ALBA Le dimissioni sono state annunciate da Degiacomi stesso poco fa con un post su Facebook: “Sento sempre meno efficace il ruolo e l’effettivo coinvolgimento del Consiglio Generale”
Sono arrivate inaspettate pochi minuti fa le dimissioni di Antonio Degiacomi da consigliere del Consiglio Generale della Fondazione CRC; due anni fa Degiacomi era il candidato alla presidenza della Fondazione contro Giandomenico Genta, attuale presidente.
Il lungo post in cui Degiacomi, che della Fondazione è stato anche vicepresidente, spiega le motivazioni della sua scelta, recita: “Con sollievo e rammarico ho rassegnato le mie dimissioni da consigliere del Consiglio Generale della Fondazione CRC.
La decisione non è dovuta a ragioni familiari, perché l’incarico non è così gravoso, anche se qualche problema familiare in questi due anni ho dovuto affrontare.
Non è dovuta alla somma di impegni, perché rivesto una sola altra carica, non retribuita, non incompatibile, non in conflitto di interessi.
Non è dovuta alla ripulsa nei confronti del compenso, che peraltro avevo già autoridotto del 30%.
Non è dovuta al fatto di essere diventato indifferente nei confronti di questa istituzione così preziosa per la comunità provinciale che grazie ai nostri predecessori, e in particolare alla Presidenza Oddero, può contare su un grande patrimonio e che grazie alla Presidenza Falco, con la quale ho potuto collaborare per cinque anni, si è data una solida struttura, un centro studi, una metodologia di programmazione e di erogazione attraverso bandi e progetti.
Dopo la sconfitta della mia candidatura alla Presidenza non ho fatto mancare il mio contributo ai lavori della Commissione Arte, Istruzione e Sport che ho coordinato e ai lavori della Commissione Statuto nella quale ho cercato di raggiungere le mediazioni possibili tra posizioni a volte molto divergenti.

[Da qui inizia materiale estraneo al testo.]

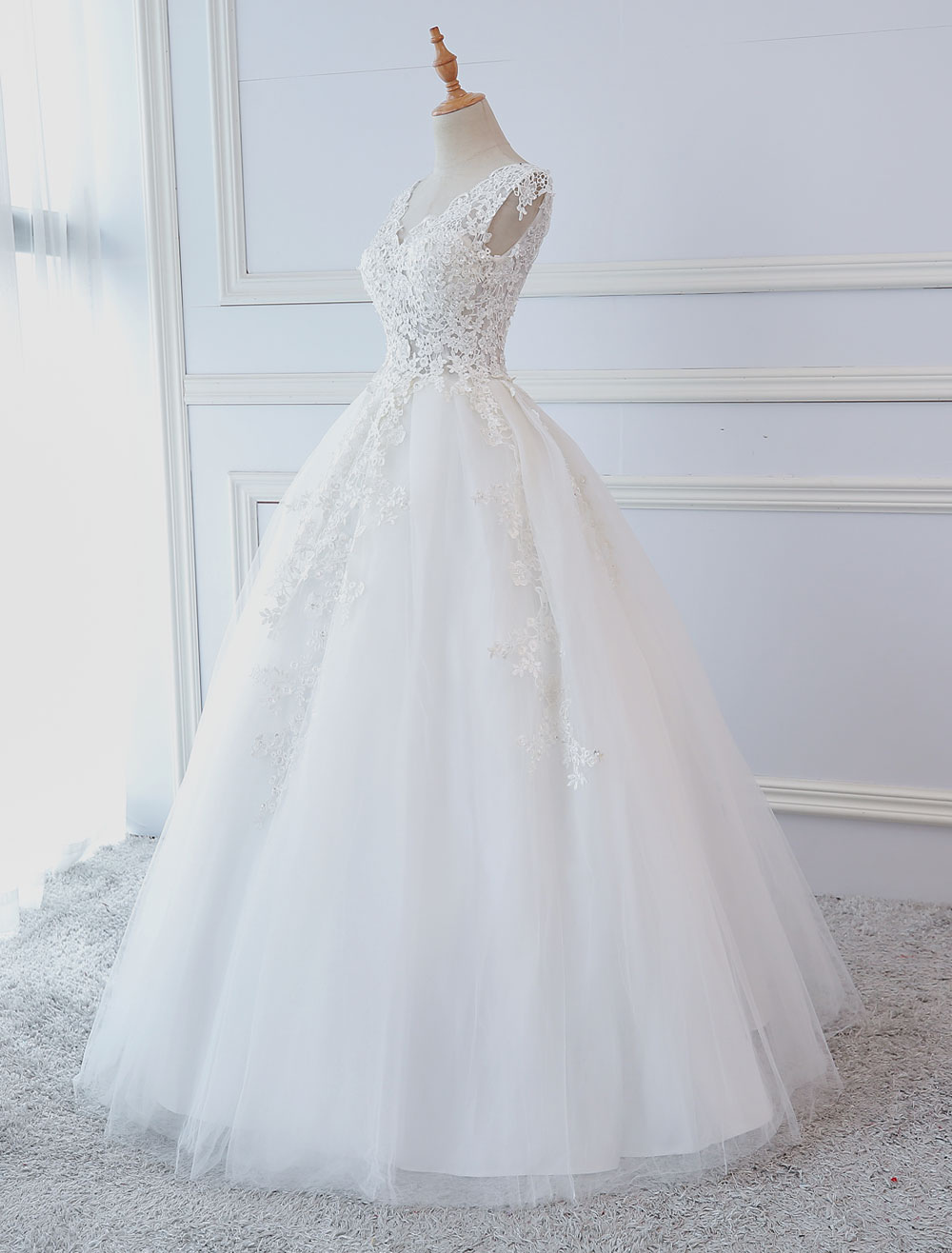 Princess Wedding Dresses Ball Gowns Lace V Neck Sleeveless Floor Length Bridal Gowns-newarrivaldress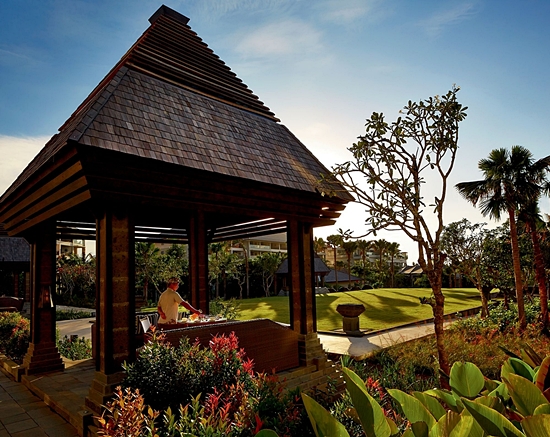 The Ritz-Cartlotn Bali Grill The Ritz-Cartlotn Bali Grill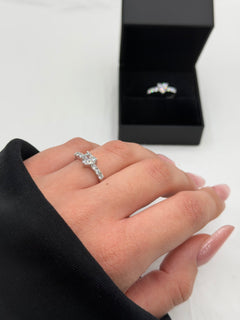 Anello cuore pietre laterali argento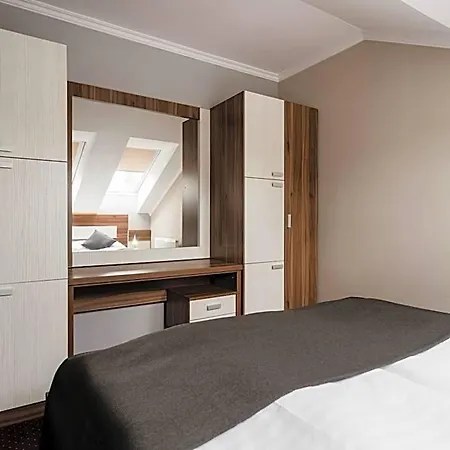 Hotel & Restauracia Menhard Vrbov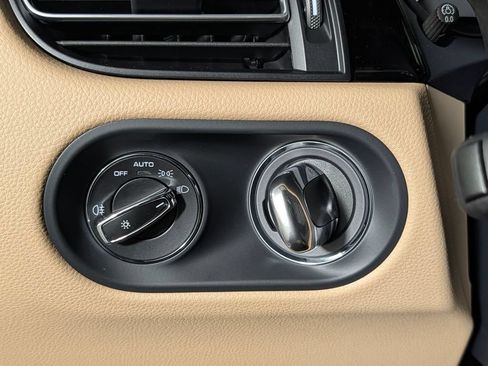 New 2026 Porsche Macan AWD/4WD image 32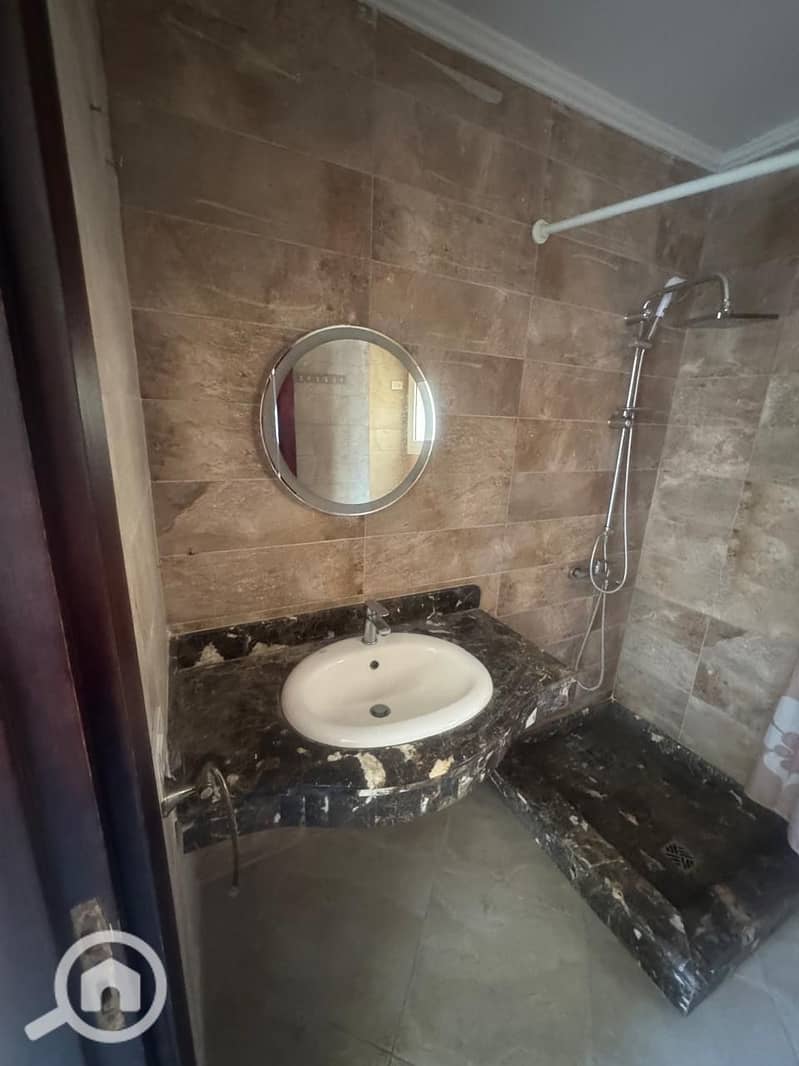 8 3e261948-cb2e-4ef5-a878-93cff7f32c50. jpeg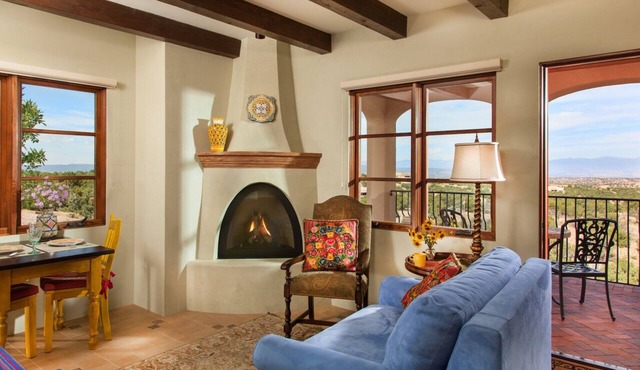 Spectacular Views, Solitude and Santa Fe Charm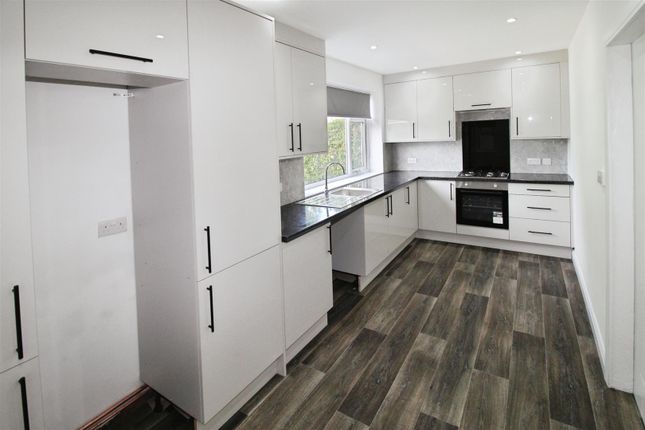 6, Thackeray Road, Bradford photo 4
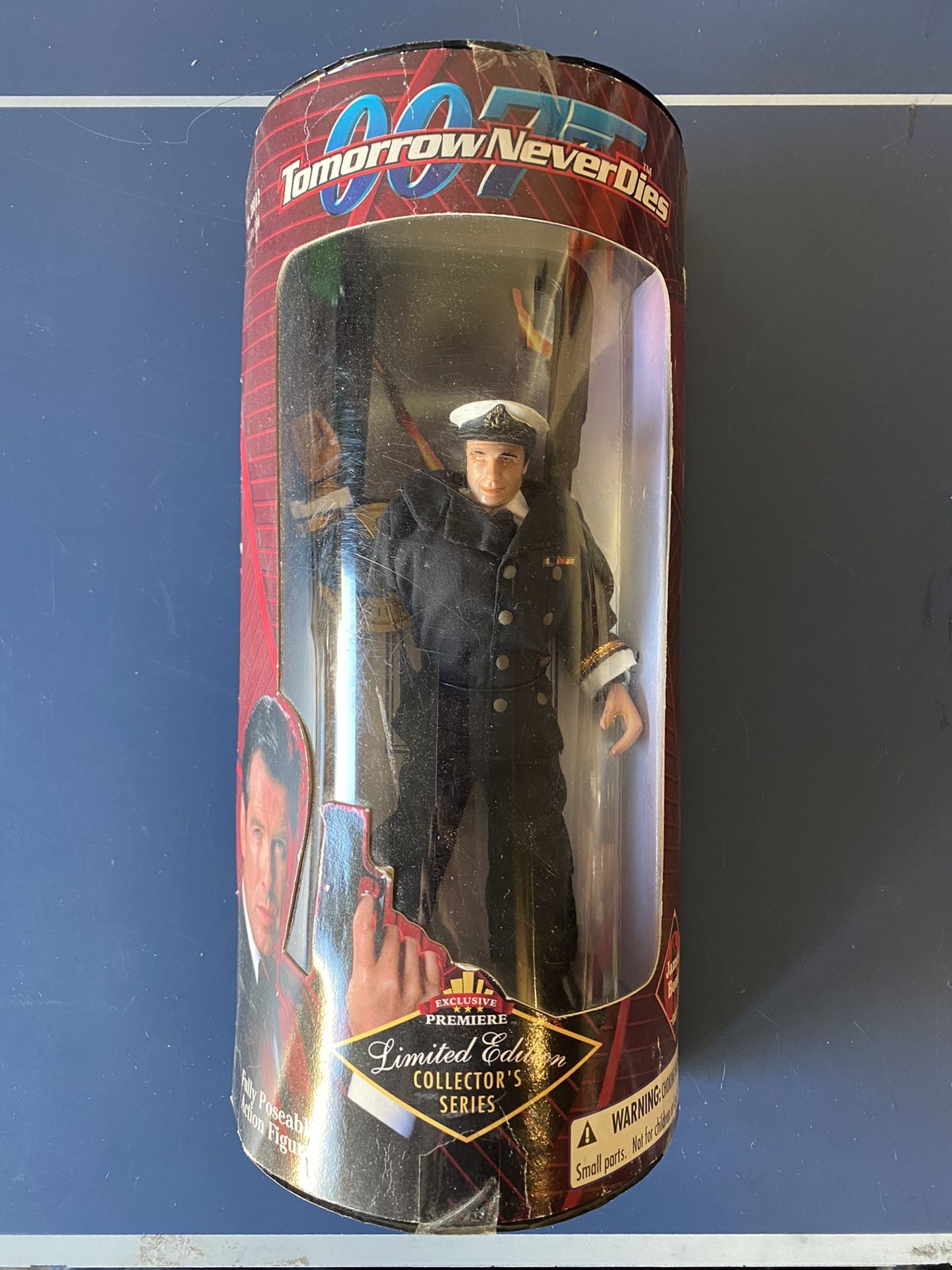 Tomorrow Never Dies James Bond フィギュア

In Consiglio Generale ho espresso con lealtà e franchezza il mio apporto, critico a volte sulle politiche di bilancio, sui rapporti con la banca conferitaria, sulle modalità dei processi di fusione con altre Fondazioni, sulla remunerazione degli organi, su qualche aspetto della programmazione, limitando a poche significative occasioni il mio voto contrario o la mia astensione. Ho inoltre richiesto, senza esito, di costituire la Commissione consultiva sulla gestione del patrimonio e di fornire ulteriori occasioni di approfondimento al Consiglio generale su tale fondamentale materia.
Non ho potuto che prendere atto delle decisioni che competono per Statuto al Consiglio di Amministrazione e che non mi hanno convinto, ad esempio la riduzione dell’impegno nel settore Istruzione e l’enfasi sullo Sviluppo locale – come se non vi concorressero tutti gli altri settori; alcune modifiche poco comprensibili nell’organizzazione del personale; la polarizzazione tra pochi pretesi “interventi faro” e la dispersione in tante piccole erogazioni e in tante iniziative buone più per un titolo di giornale che per la capacità di incidere; alcune scelte di investimento (tra le quali Atlantia – 52 dei 120 milioni di liquidità ricavati dalla vendita di BRE – e gli impegni nel settore bancario) che in tempi non facili avrebbero a mio avviso dovuto maggiormente accentuare la diversificazione.
Perché dunque mi dimetto? Perché dopo due anni di esperienza della Presidenza Genta sento sempre meno efficace il ruolo e l’effettivo coinvolgimento del Consiglio Generale e intendo tenermi lontano da uno stile di conduzione della Fondazione personalistico, poco attento alle proposte, insofferente alle critiche, poco sensibile a possibili conflitti di interesse o comunque a inopportuni cumuli e intrecci di cariche.
Non mi illudo che la mia decisione contribuisca a stimolare un dibattito nella comunità provinciale sul ruolo della Fondazione, sui profili richiesti ai designati e più in generale sulla anomalia in provincia di Cuneo e in Piemonte costituita dalla occupazione di cariche da parte di un ristretto e ben identificato gruppo di personaggi che rafforzano il potere personale dando e ricevendo appoggi in modo trasversale.
Diciamo allora che mi dimetto per ragioni di salute, nel senso che l’essere coerenti e liberi e lontani da certi meccanismi di potere consente di vivere più felici o almeno più sereni i giorni che ci sono assegnati.”